Given entries START

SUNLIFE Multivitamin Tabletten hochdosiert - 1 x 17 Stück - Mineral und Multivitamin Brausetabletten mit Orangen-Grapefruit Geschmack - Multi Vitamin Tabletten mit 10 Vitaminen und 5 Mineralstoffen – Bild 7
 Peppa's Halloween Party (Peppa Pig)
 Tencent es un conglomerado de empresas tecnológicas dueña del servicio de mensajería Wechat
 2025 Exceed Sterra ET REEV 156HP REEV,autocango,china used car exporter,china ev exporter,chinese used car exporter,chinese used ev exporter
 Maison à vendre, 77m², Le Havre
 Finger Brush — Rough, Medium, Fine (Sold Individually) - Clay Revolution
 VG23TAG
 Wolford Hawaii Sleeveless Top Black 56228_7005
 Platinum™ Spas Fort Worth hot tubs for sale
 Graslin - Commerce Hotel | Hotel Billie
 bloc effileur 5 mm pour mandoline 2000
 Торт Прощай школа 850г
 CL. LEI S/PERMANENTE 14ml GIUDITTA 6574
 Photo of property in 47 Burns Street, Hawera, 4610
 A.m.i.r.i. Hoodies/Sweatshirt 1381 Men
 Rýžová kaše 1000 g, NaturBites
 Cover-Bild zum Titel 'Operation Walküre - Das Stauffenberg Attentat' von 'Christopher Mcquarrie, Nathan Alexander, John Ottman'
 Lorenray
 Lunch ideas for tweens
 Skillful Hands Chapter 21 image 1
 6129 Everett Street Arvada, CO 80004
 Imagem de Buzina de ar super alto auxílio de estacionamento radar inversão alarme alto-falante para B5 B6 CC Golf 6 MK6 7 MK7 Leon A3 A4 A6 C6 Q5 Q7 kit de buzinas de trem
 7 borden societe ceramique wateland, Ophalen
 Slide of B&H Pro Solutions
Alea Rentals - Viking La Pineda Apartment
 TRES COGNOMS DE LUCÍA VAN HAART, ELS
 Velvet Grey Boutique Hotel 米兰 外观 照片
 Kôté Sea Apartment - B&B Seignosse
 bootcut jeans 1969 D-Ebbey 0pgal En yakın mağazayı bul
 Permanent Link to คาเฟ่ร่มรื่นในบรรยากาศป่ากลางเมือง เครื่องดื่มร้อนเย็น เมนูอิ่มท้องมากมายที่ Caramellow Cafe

Given entries END

Verbatim output is expected for the lines from the start of the data to the line in which "6129 Everett Street Arvada, CO 80004" appears, both included.

— Reply to the task —
SUNLIFE Multivitamin Tabletten hochdosiert - 1 x 17 Stück - Mineral und Multivitamin Brausetabletten mit Orangen-Grapefruit Geschmack - Multi Vitamin Tabletten mit 10 Vitaminen und 5 Mineralstoffen – Bild 7
 Peppa's Halloween Party (Peppa Pig)
 Tencent es un conglomerado de empresas tecnológicas dueña del servicio de mensajería Wechat
 2025 Exceed Sterra ET REEV 156HP REEV,autocango,china used car exporter,china ev exporter,chinese used car exporter,chinese used ev exporter
 Maison à vendre, 77m², Le Havre
 Finger Brush — Rough, Medium, Fine (Sold Individually) - Clay Revolution
 VG23TAG
 Wolford Hawaii Sleeveless Top Black 56228_7005
 Platinum™ Spas Fort Worth hot tubs for sale
 Graslin - Commerce Hotel | Hotel Billie
 bloc effileur 5 mm pour mandoline 2000
 Торт Прощай школа 850г
 CL. LEI S/PERMANENTE 14ml GIUDITTA 6574
 Photo of property in 47 Burns Street, Hawera, 4610
 A.m.i.r.i. Hoodies/Sweatshirt 1381 Men
 Rýžová kaše 1000 g, NaturBites
 Cover-Bild zum Titel 'Operation Walküre - Das Stauffenberg Attentat' von 'Christopher Mcquarrie, Nathan Alexander, John Ottman'
 Lorenray
 Lunch ideas for tweens
 Skillful Hands Chapter 21 image 1
 6129 Everett Street Arvada, CO 80004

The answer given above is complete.